The README file includes a summary of the Sparkify AWS DWH project, how to run the Python scripts, and an explanation of the files in the repository. Comments are used effectively and each function has a docstring.
Sparkify music data is transferred from external S3 to AWS Redshift cluster using AWS CLI and Python.
Using the song and event datasets given, a star schema optimized for queries on song play analysis has been designed and implemented.
Staging Tables
staging_events - includes a sample of events (log data) data filtered to A/B/C staging_songs - includes a sample of songs (song_data) filtered to /2018/11
see the for more information on data types and distribution / sort keys
Dimension Tables
users - users in the app songs - songs in music database artists - artists in music database time - timestamps of records in songplays broken down into specific units
Fact Table
song_play -- includes all users sessions and songs played over time
### DISTRIBUTION
note that smaller tables that are used frequently for queries have an ALL distribution style. Everything else is EVEN (Redshift Default)

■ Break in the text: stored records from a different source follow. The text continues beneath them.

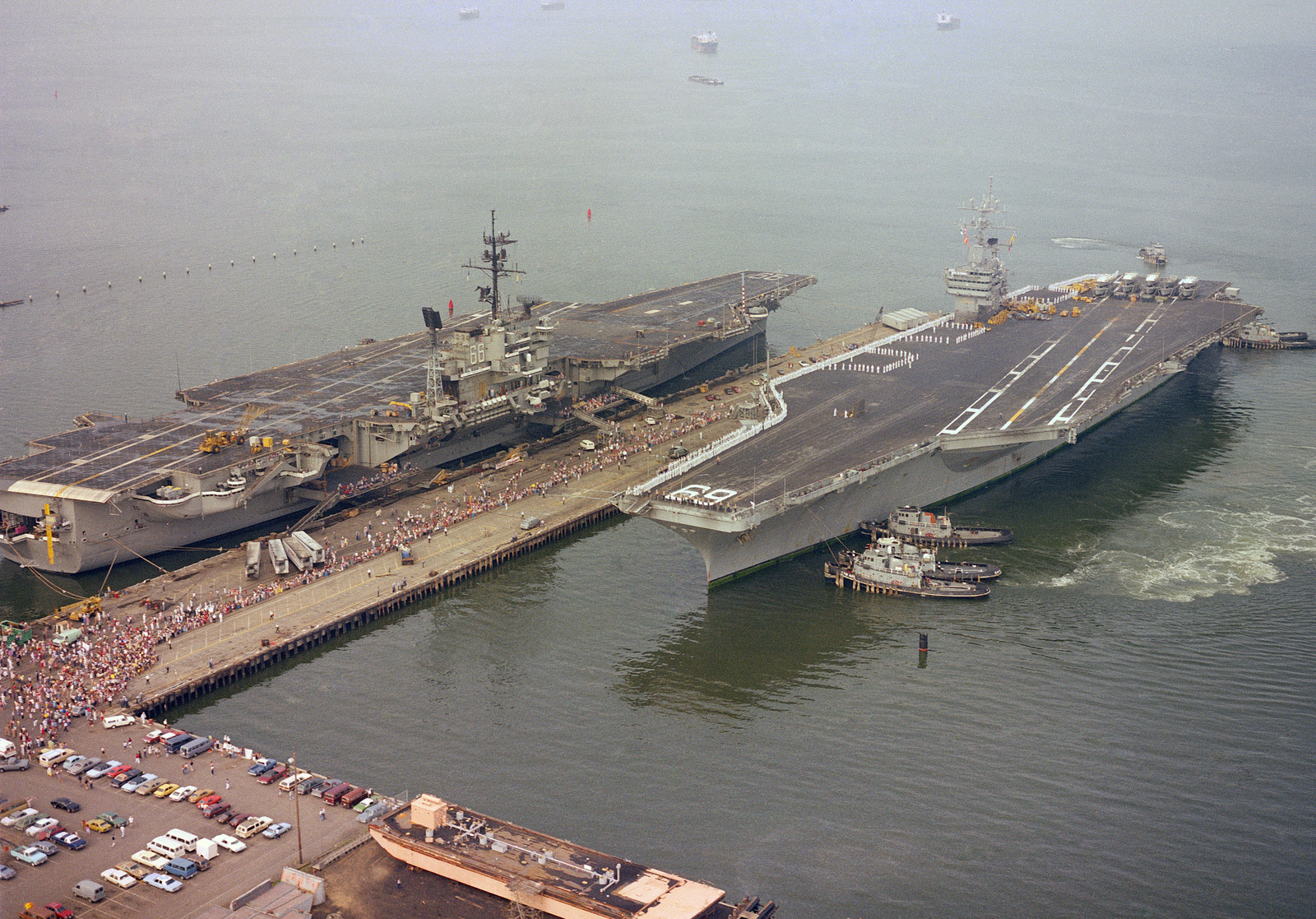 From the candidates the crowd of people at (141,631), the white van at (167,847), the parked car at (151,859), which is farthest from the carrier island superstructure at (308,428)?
the parked car at (151,859)

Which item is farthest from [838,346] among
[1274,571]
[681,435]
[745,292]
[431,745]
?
[431,745]

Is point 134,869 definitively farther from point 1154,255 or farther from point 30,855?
point 1154,255

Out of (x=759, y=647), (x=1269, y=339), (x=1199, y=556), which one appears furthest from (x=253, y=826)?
(x=1269, y=339)

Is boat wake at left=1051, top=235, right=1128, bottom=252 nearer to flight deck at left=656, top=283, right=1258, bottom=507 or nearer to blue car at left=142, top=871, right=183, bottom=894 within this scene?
flight deck at left=656, top=283, right=1258, bottom=507

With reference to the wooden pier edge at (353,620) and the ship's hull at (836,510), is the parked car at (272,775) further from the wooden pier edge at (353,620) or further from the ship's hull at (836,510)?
the ship's hull at (836,510)

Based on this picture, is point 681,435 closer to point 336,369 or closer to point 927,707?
point 336,369

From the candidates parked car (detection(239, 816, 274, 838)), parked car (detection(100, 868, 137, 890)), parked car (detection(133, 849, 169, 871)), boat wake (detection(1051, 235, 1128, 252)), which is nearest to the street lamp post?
parked car (detection(239, 816, 274, 838))

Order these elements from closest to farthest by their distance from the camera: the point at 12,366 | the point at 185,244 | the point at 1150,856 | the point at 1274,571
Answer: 1. the point at 1150,856
2. the point at 1274,571
3. the point at 12,366
4. the point at 185,244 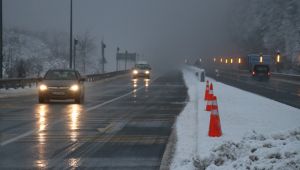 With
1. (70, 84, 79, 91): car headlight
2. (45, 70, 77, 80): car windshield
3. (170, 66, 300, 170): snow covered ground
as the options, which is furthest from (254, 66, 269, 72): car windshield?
(170, 66, 300, 170): snow covered ground

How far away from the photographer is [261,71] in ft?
218

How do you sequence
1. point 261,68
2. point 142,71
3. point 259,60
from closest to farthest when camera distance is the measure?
point 261,68
point 259,60
point 142,71

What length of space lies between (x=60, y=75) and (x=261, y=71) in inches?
1631

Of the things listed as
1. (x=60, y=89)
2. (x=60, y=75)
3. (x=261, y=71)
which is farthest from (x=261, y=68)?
(x=60, y=89)

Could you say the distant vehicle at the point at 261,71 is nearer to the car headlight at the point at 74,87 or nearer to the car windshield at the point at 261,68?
the car windshield at the point at 261,68

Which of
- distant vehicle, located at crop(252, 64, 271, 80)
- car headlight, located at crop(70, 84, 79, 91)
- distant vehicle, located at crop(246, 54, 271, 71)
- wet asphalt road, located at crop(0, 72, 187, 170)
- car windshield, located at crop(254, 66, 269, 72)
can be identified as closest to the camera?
wet asphalt road, located at crop(0, 72, 187, 170)

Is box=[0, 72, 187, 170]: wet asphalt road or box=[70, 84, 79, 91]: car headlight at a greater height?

Please refer to the schema images in this project to identify the DISTKEYS and SORTKEYS, for both staging and star schema.
- create and AWS account and add the IAM and EC2 Service
- create an S3 Bucket and add the external data source to your bucket (optional?)
- create a IAM User with AdministratorAccess, this user does not need access to the console. They're Access Keys are used to commincate to the AWS CLI. You need to create the user BEFORE creating Access Keys.
- create the access keys and save them somewhere safe. You will need to add them to the 'dwh.cfg' file in this project.
- create a name for the cluster, db and set a password in the dwg.cfg file.
Basically, fill in the blanks for the dwh.cfg file
- Clone this repo to your local computer or download the zip files.
- Create a virtual environment in the same folder as the scripts.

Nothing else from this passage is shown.